YOUR GOAL:
Each line from the one that has "Florida Sunset Photograph by Kevin Cable" through the final line of the listing is to be written out exactly, and no other line is.

____________________

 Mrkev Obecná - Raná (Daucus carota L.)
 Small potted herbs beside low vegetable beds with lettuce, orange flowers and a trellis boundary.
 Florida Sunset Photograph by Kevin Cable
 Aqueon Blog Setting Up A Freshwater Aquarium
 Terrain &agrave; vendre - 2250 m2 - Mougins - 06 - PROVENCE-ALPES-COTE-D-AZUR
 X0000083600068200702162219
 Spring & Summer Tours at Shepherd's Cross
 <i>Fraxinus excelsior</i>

____________________

SOLUTION TO THIS TASK:
 Florida Sunset Photograph by Kevin Cable
 Aqueon Blog Setting Up A Freshwater Aquarium
 Terrain &agrave; vendre - 2250 m2 - Mougins - 06 - PROVENCE-ALPES-COTE-D-AZUR
 X0000083600068200702162219
 Spring & Summer Tours at Shepherd's Cross
 <i>Fraxinus excelsior</i>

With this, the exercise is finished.